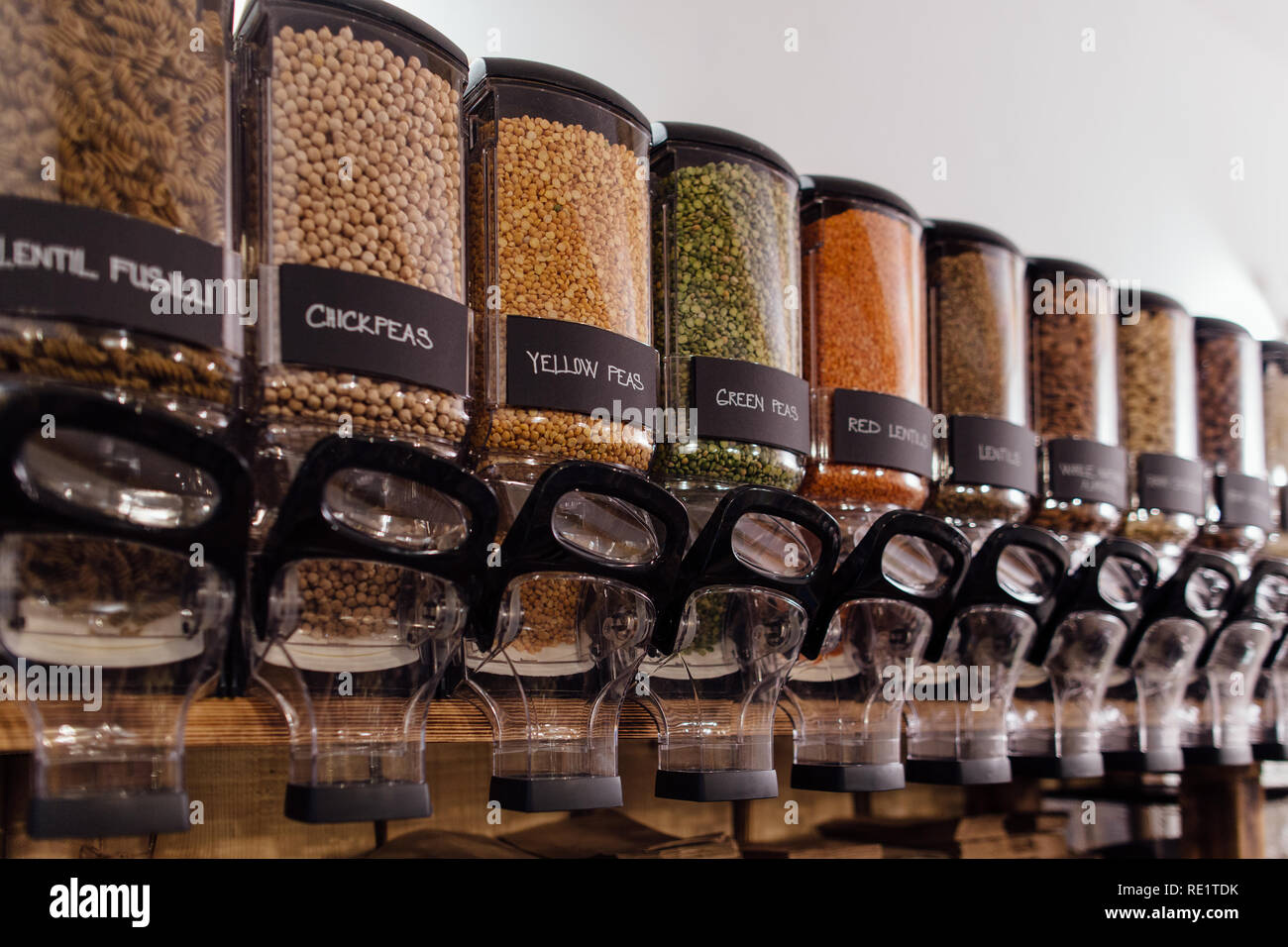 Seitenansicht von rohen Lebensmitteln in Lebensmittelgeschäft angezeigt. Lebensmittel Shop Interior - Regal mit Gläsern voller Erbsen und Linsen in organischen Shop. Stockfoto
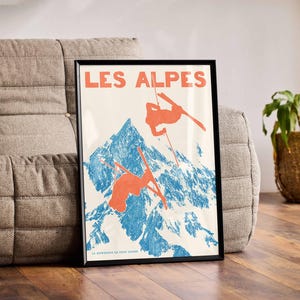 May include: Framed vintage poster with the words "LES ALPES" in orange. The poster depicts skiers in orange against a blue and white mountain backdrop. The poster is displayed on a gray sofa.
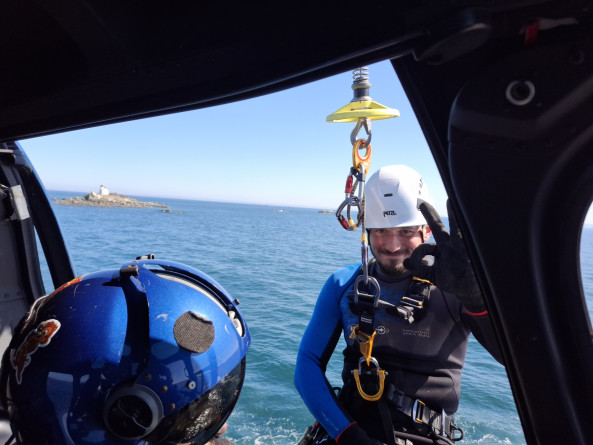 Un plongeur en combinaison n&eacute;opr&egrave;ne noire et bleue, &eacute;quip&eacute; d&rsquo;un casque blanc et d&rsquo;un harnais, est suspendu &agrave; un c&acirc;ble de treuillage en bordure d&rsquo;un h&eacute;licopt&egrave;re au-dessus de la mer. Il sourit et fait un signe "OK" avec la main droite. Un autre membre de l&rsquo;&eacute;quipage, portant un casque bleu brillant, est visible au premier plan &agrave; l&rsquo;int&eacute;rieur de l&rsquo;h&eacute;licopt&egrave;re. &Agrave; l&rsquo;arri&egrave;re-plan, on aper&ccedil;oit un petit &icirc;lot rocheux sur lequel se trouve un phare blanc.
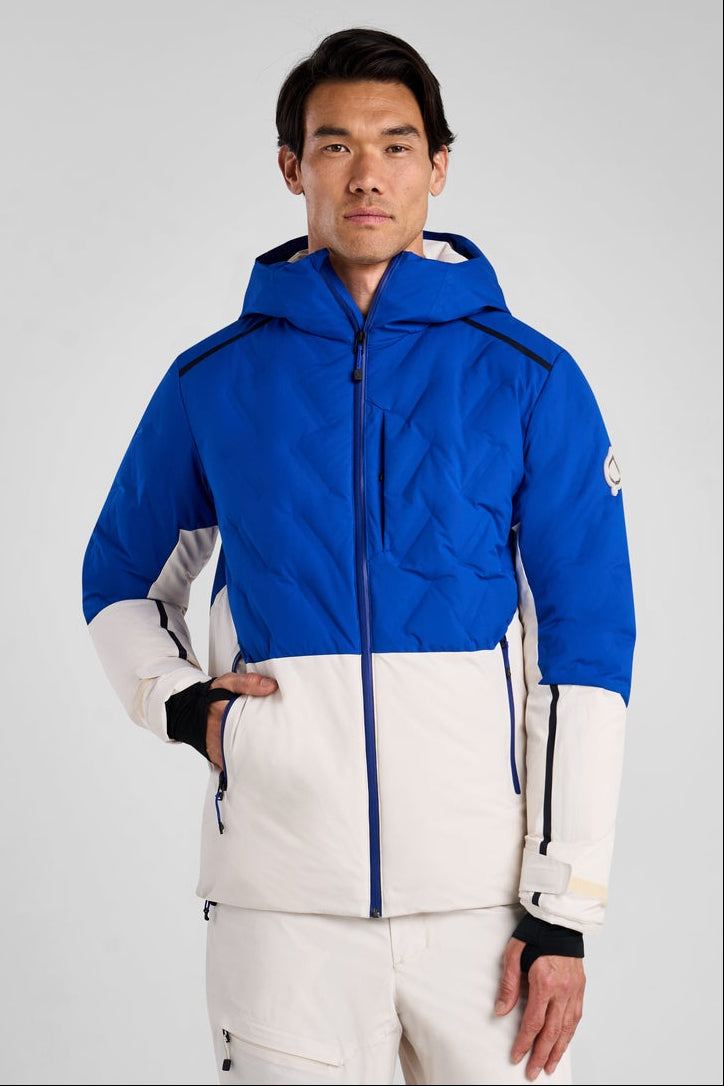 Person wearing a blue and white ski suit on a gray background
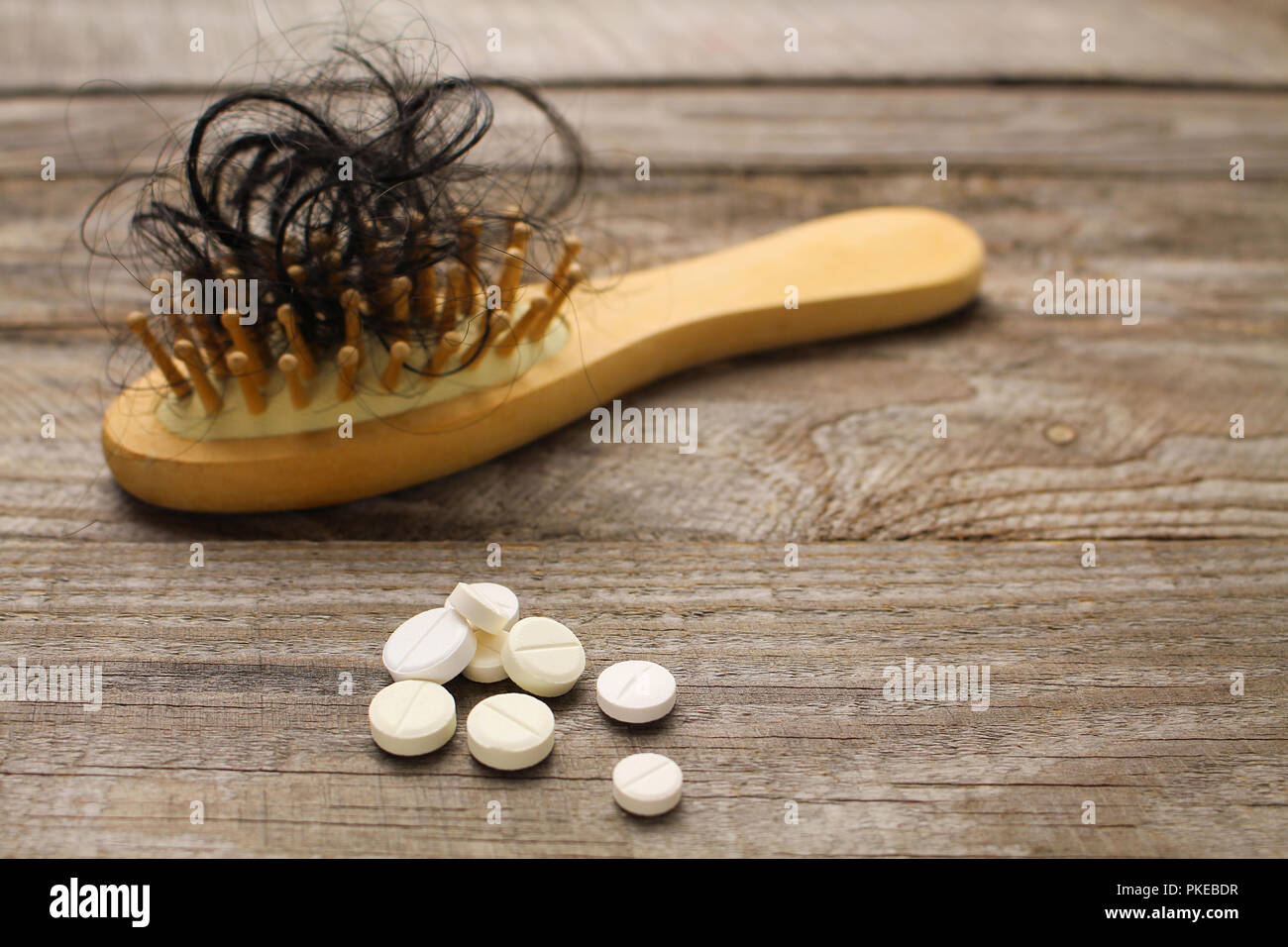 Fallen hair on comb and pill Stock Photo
* * * *
Work request:
Give back, exactly as written, the lines from the top of the material through the line with "May include: Framed", ends included and pictures left aside.

Your solution:
 Seitenansicht von rohen Lebensmitteln in Lebensmittelgeschäft angezeigt. Lebensmittel Shop Interior - Regal mit Gläsern voller Erbsen und Linsen in organischen Shop. Stockfoto
 May include: Framed vintage poster with the words "LES ALPES" in orange. The poster depicts skiers in orange against a blue and white mountain backdrop. The poster is displayed on a gray sofa.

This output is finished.